Stored dataset items >>
+++

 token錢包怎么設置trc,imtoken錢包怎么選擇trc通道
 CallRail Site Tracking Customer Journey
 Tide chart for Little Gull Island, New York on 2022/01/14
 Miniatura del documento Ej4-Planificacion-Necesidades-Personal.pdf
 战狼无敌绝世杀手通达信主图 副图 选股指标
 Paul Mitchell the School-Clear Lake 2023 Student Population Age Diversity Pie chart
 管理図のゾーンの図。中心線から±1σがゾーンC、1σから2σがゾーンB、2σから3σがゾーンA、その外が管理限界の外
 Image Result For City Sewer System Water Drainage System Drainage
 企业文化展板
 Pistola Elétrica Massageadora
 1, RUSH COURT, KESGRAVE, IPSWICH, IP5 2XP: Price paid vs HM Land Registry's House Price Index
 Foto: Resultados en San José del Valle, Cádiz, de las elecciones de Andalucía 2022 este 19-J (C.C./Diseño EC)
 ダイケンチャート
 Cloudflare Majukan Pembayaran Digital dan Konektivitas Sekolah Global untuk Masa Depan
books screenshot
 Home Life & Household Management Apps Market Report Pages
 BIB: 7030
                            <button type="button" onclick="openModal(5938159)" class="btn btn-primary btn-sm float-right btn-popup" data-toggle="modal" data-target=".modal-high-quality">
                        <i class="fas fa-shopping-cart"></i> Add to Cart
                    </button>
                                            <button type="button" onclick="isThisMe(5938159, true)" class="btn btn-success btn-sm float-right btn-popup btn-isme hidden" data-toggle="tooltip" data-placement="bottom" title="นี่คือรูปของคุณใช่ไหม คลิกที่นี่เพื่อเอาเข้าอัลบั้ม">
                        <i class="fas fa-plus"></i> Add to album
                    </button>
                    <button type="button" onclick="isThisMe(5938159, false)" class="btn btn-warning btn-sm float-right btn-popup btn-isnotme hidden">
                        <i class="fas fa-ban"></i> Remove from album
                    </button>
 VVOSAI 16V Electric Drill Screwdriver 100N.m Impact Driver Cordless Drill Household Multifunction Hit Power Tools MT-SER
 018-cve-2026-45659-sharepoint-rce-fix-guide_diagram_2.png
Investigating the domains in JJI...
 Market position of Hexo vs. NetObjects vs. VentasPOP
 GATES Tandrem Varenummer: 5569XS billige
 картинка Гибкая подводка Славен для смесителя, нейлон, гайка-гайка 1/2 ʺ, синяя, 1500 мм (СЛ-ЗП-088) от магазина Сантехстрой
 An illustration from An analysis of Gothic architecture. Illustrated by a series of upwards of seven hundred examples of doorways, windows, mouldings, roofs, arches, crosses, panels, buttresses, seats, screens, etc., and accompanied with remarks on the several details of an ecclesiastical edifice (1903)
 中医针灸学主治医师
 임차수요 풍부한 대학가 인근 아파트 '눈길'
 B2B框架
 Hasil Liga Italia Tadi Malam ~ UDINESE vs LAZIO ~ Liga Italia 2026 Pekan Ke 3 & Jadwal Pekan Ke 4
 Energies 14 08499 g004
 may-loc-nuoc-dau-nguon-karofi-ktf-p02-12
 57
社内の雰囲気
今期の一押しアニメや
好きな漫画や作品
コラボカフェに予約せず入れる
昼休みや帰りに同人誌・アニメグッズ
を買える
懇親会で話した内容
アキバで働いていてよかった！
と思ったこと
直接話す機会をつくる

+++

Problem details >> Please reproduce each line above exactly as written.

Answer for the task >>
 token錢包怎么設置trc,imtoken錢包怎么選擇trc通道
 CallRail Site Tracking Customer Journey
 Tide chart for Little Gull Island, New York on 2022/01/14
 Miniatura del documento Ej4-Planificacion-Necesidades-Personal.pdf
 战狼无敌绝世杀手通达信主图 副图 选股指标
 Paul Mitchell the School-Clear Lake 2023 Student Population Age Diversity Pie chart
 管理図のゾーンの図。中心線から±1σがゾーンC、1σから2σがゾーンB、2σから3σがゾーンA、その外が管理限界の外
 Image Result For City Sewer System Water Drainage System Drainage
 企业文化展板
 Pistola Elétrica Massageadora
 1, RUSH COURT, KESGRAVE, IPSWICH, IP5 2XP: Price paid vs HM Land Registry's House Price Index
 Foto: Resultados en San José del Valle, Cádiz, de las elecciones de Andalucía 2022 este 19-J (C.C./Diseño EC)
 ダイケンチャート
 Cloudflare Majukan Pembayaran Digital dan Konektivitas Sekolah Global untuk Masa Depan
books screenshot
 Home Life & Household Management Apps Market Report Pages
 BIB: 7030
                            <button type="button" onclick="openModal(5938159)" class="btn btn-primary btn-sm float-right btn-popup" data-toggle="modal" data-target=".modal-high-quality">
                        <i class="fas fa-shopping-cart"></i> Add to Cart
                    </button>
                                            <button type="button" onclick="isThisMe(5938159, true)" class="btn btn-success btn-sm float-right btn-popup btn-isme hidden" data-toggle="tooltip" data-placement="bottom" title="นี่คือรูปของคุณใช่ไหม คลิกที่นี่เพื่อเอาเข้าอัลบั้ม">
                        <i class="fas fa-plus"></i> Add to album
                    </button>
                    <button type="button" onclick="isThisMe(5938159, false)" class="btn btn-warning btn-sm float-right btn-popup btn-isnotme hidden">
                        <i class="fas fa-ban"></i> Remove from album
                    </button>
 VVOSAI 16V Electric Drill Screwdriver 100N.m Impact Driver Cordless Drill Household Multifunction Hit Power Tools MT-SER
 018-cve-2026-45659-sharepoint-rce-fix-guide_diagram_2.png
Investigating the domains in JJI...
 Market position of Hexo vs. NetObjects vs. VentasPOP
 GATES Tandrem Varenummer: 5569XS billige
 картинка Гибкая подводка Славен для смесителя, нейлон, гайка-гайка 1/2 ʺ, синяя, 1500 мм (СЛ-ЗП-088) от магазина Сантехстрой
 An illustration from An analysis of Gothic architecture. Illustrated by a series of upwards of seven hundred examples of doorways, windows, mouldings, roofs, arches, crosses, panels, buttresses, seats, screens, etc., and accompanied with remarks on the several details of an ecclesiastical edifice (1903)
 中医针灸学主治医师
 임차수요 풍부한 대학가 인근 아파트 '눈길'
 B2B框架
 Hasil Liga Italia Tadi Malam ~ UDINESE vs LAZIO ~ Liga Italia 2026 Pekan Ke 3 & Jadwal Pekan Ke 4
 Energies 14 08499 g004
 may-loc-nuoc-dau-nguon-karofi-ktf-p02-12
 57
社内の雰囲気
今期の一押しアニメや
好きな漫画や作品
コラボカフェに予約せず入れる
昼休みや帰りに同人誌・アニメグッズ
を買える
懇親会で話した内容
アキバで働いていてよかった！
と思ったこと
直接話す機会をつくる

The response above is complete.